Google App Engine

Documents and Indexes

Python |Java |PHP |Go

The Search API provides a model for indexing documents that contain structured data. You can search an index, and organize and present search results. The API supports partial text matching on string fields. Documents and indexes are saved in a separate persistent store optimized for search operations. The Search API can index any number of documents. However, an index search can find no more than 10,000 matching documents. The App Engine Datastore may be more appropriate for applications that need to retrieve very large result sets.

Note: The Search API is available only to applications using the High Replication Datastore (HRD). If your application uses the now-deprecated Master/Slave Datastore, migrate to HRD.

  1. Overview
  2. Documents and fields
  3. Creating a document
  4. Working with an index
  5. Index schemas
  6. Viewing indexes in the Admin Console
  7. Search API quotas and pricing

Overview

The Search API is based on four main concepts: documents, indexes, queries, and results.

Documents

A document is an object with a unique ID and a list of fields containing user data. Each field has a name and a type. There are several types of fields, identified by the kinds of values they contain:

  • Atom Field - an indivisible character string
  • Text Field - a plain text string that can be searched word by word
  • HTML Field - a string that contains HTML markup tags, only the text outside the markup tags can be searched
  • Number Field - a floating point number
  • Date Field - a date object with year/month/day and optional time
  • Geopoint Field - a data object with latitude and longitude coordinates

The maximum size of a document is 1 MB.

Indexes

An index stores documents for retrieval. You can retrieve a single document by its ID, a range of documents with consecutive IDs, or all the documents in an index. You can also search an index to retrieve documents that satisfy given criteria on fields and their values, specified as a query string. You can manage groups of documents by putting them into separate indexes.

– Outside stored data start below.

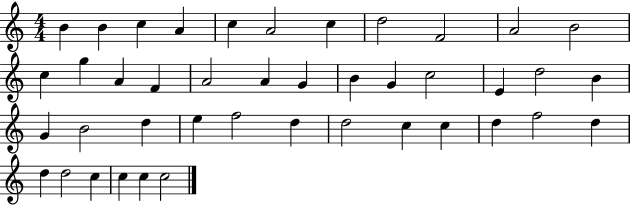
X:1
T:Untitled
M:4/4
L:1/4
K:C
B B c A c A2 c d2 F2 A2 B2 c g A F A2 A G B G c2 E d2 B G B2 d e f2 d d2 c c d f2 d d d2 c c c c2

There is no limit to the number of documents in an index, or the number of indexes you can use. However, the total size of all the documents in a single index cannot be more than 10GB.

Queries

To search an index, you construct a query, which has a query string, and possibly some additional options. A query string specifies conditions for the values of one or more document fields. When you search an index you get back only those documents in the index with fields that satisfy the query.

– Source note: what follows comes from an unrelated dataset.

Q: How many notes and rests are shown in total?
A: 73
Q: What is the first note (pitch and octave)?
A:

The simplest query, sometimes called a "global search" is a string that contains only field values. This search uses a string that searches for documents that contain the words "rose" and "water":

index.search("rose water")

This one searches for documents with date fields that contain the date July 4, 1776, or text fields that include the string "1776-07-04":

index.search("1776-07-04")

A query string can also be more specific. It can contain one or more terms, each naming a field and a constraint on the field's value. The exact form of a term depends on the type of the field. For instance, assuming there is a text field called "product", and a number field called "price", here's a query string with two terms:

// search for documents with pianos that cost less than $5000
index.search("product = piano AND price < 5000")
Query options, as the name implies, are not required. They enable a variety of features:

  • Control how many documents are returned in the search results.
  • Specify what document fields to include in the results. The default is to include all the fields from the original document. You can specify that the results only include a subset of fields (the original document is not affected).
  • Sort the results.
  • Create "computed fields" for documents using FieldExpressions and abridged text fields using snippets.
  • Support paging through the search results by returning only a portion of the matched documents on each query (using offsets and cursors)

Search results

A call to search() can only return a limited number of matching documents. Your search may find more documents than can be returned in a single call. Each search call returns an instance of the SearchResults class, which contains information about how many documents were found and how many were returned, along with the list of returned documents. You can repeat the same search, using cursors or offsets to retrieve the complete set of matching documents.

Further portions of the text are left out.